## Task item
Copy out exactly the stretch below, from the line with "Mélodie Green Wool" through the line with "Flat Bispham Road in Greater London", both included; the pictures stay out.

## Material provided

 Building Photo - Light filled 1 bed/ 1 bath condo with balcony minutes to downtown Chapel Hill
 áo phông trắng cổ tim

---

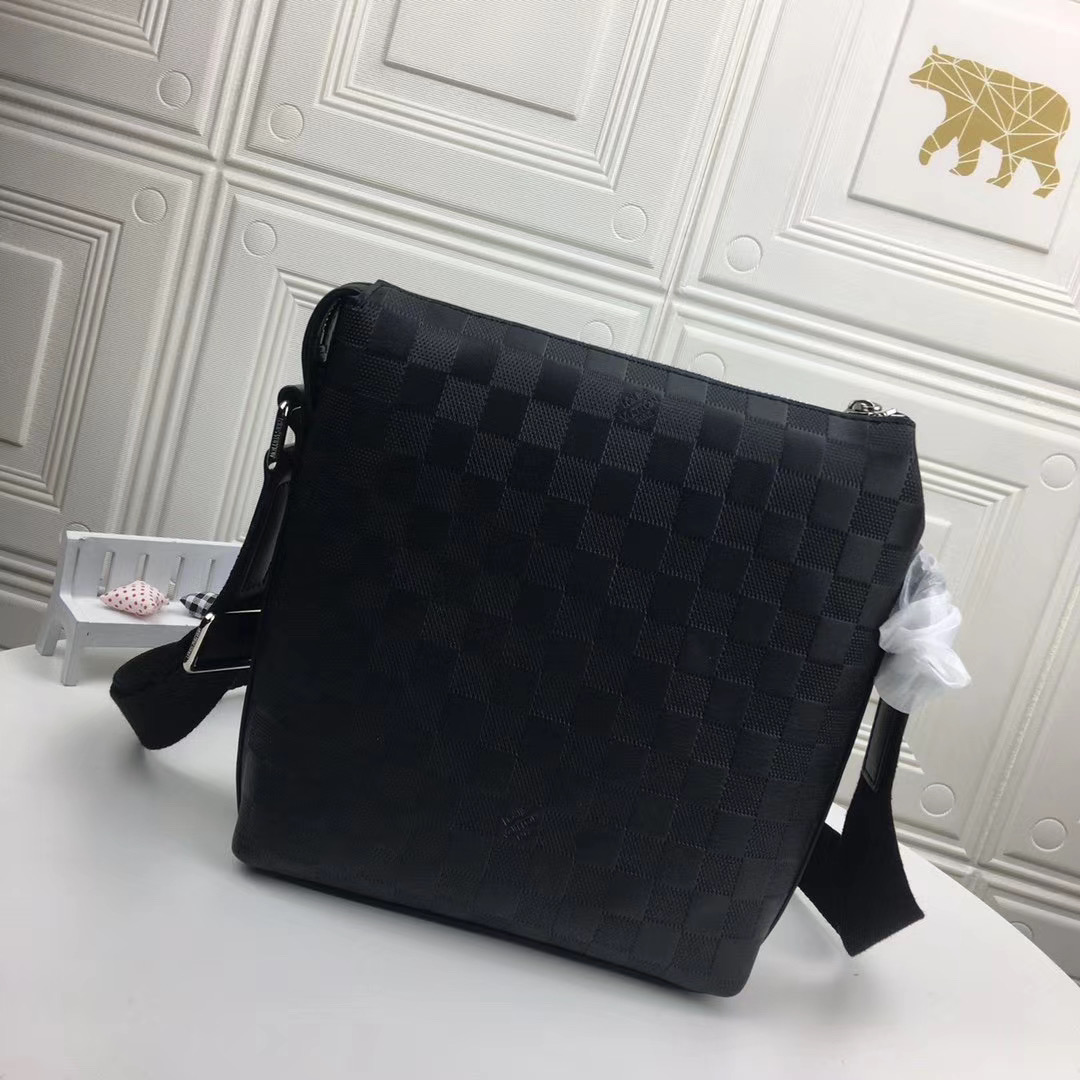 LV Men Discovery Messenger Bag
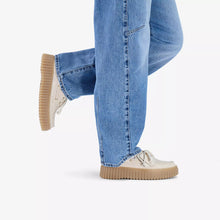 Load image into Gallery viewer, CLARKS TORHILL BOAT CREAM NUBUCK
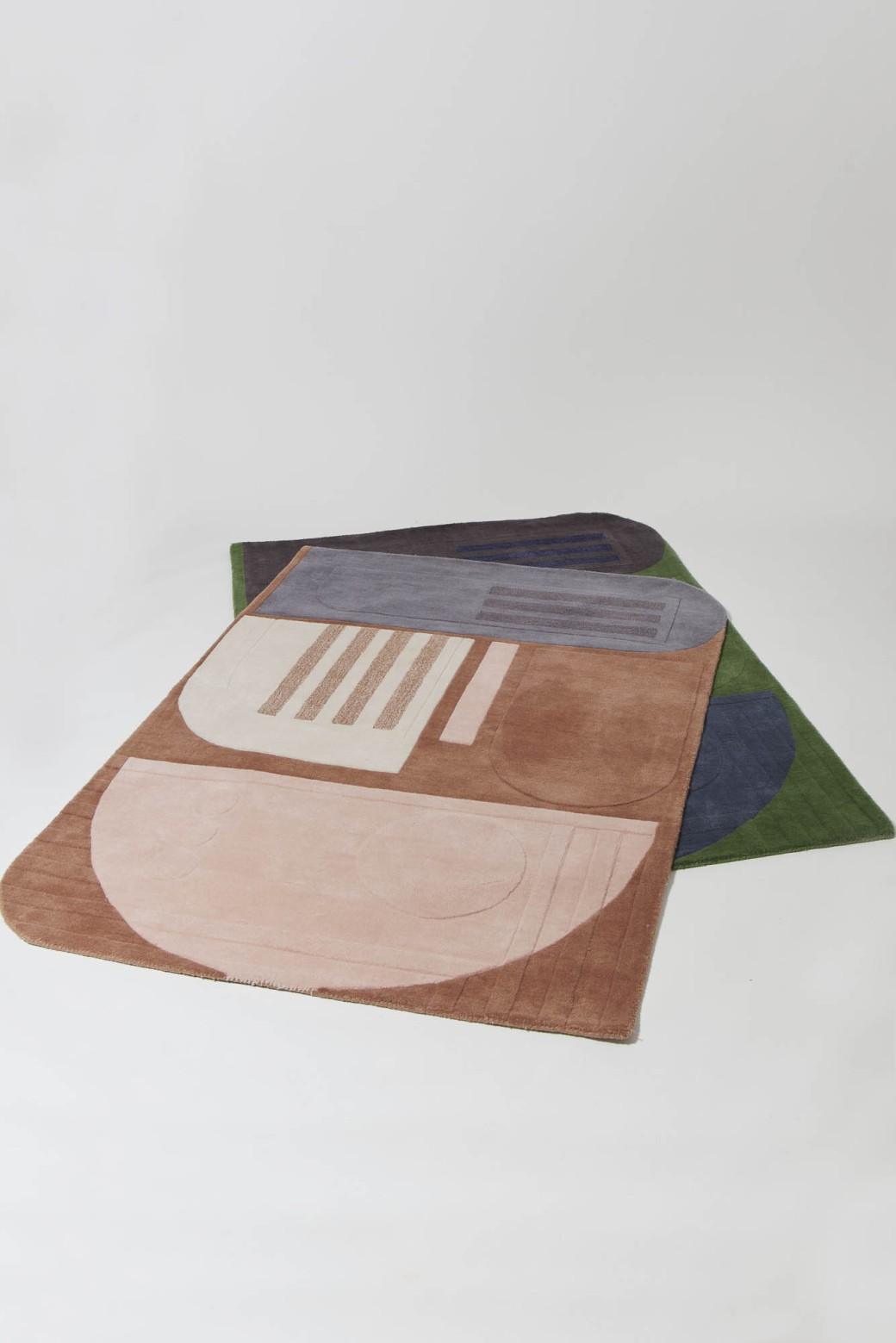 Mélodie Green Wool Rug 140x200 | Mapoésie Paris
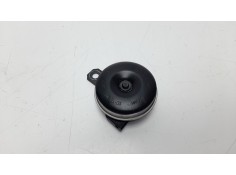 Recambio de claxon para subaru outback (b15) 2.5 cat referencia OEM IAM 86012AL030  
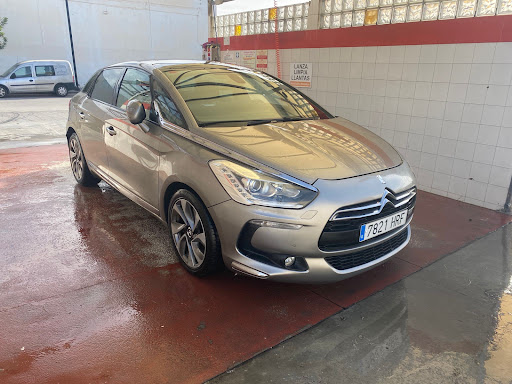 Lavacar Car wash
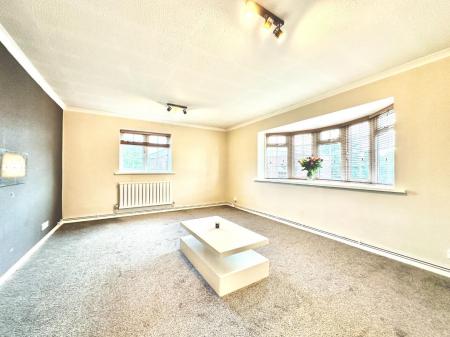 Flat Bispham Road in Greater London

## Written answer
 Mélodie Green Wool Rug 140x200 | Mapoésie Paris
 Recambio de claxon para subaru outback (b15) 2.5 cat referencia OEM IAM 86012AL030  
 Lavacar Car wash
 Flat Bispham Road in Greater London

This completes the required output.